With commodity prices rising, African countries are putting their surpluses into government-owned funds designed to manage a country’s wealth for future generations. Angola set up its $5bn state fund in October, Uganda said in April it planned to create a sovereign fund, and Nigeria, Africa’s biggest oil producer, inaugurated its $1bn fund eight months ago.
"We expect the number in Africa to grow further over the coming years," Mr Thomson recently said in Hong Kong. There are two main reasons why more state funds are being set up in Africa — "it’s the growth in commodity prices, and it’s the growth in foreign exchange reserves".
Africa was catching up with many Asian and Middle-East countries that already had a state fund, Mr Thomson said.
Latin America was expected to see the second-strongest growth in the number of new funds, he said, without elaborating.
Mr Thomson, who advises state entities such as wealth funds, central banks and pension funds, declined to name particular countries as candidates for new state funds. The annual average price of copper has more than quadrupled during the past decade, while the average cost of oil surged almost four times, bolstering the assets of African state funds.
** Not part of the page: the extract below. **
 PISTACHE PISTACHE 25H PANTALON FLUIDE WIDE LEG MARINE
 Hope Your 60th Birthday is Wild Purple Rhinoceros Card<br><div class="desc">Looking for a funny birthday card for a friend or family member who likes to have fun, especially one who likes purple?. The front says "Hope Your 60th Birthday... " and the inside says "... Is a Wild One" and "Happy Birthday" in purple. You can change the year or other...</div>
The average price of gold, for which SA is the continent’s biggest producer, surged more than 300% since 2003.
Africa’s biggest sovereign wealth fund is Algeria’s $77.2bn Revenue Regulation Fund, the Sovereign Wealth Fund Institute said. The Algerian fund is followed by the $65bn Libyan Investment Authority and Botswana’s $6.9bn Pula Fund.
Tanzania, the holder of the second-largest natural gas resources in East Africa, was considering starting a state-owned investment vehicle using income earned from the fuel, President Jakaya Kikwete said in August.
The Zimbabwean government in December said that it had created a sovereign wealth fund after it compelled foreign-owned companies to sell 51% stakes to Zimbabweans under its indigenisation initiative.
Mozambique was mulling starting an investment pool, the head of global sovereign markets strategy at UBS, Massimiliano Castelli, said in March.
Sierra Leone President Ernest Bai Koroma proposed setting up a state fund with the proceeds from the mining industry, Reuters reported in October.
Sovereign funds around the world were shifting their investments from the developed world into emerging-market assets, Mr Thomson said.
They were buying mostly debt and equity in public markets in developing regions, he said, without quantifying.
State funds were also increasingly joining forces in their investments, partly investing in alternative assets, such as infrastructure and real estate, including airports and utility companies, Mr Thomson said.
The wealth funds of Russia and China in June last year started a joint private-equity fund mainly targeting transactions in Russian forestry, logistics and agriculture. Sovereign funds’ investments in alternative assets may face less competition from other investors, including pension funds and insurers in developed markets, that face increasing constraints due to tightening regulations, Mr Thomson said.
European Union regulators are setting up new regulations, known as Solvency 2, aimed at making insurers safer by harmonising the way they allocate capital against the risks they take.
"Solvency 2 is making insurance companies change their investment behaviour in order to meet regulation," he said.
"That provides the opportunity for sovereign funds to invest in assets that insurance companies used to invest in and now perhaps they are finding it more difficult under new regulation," Mr Thomson said.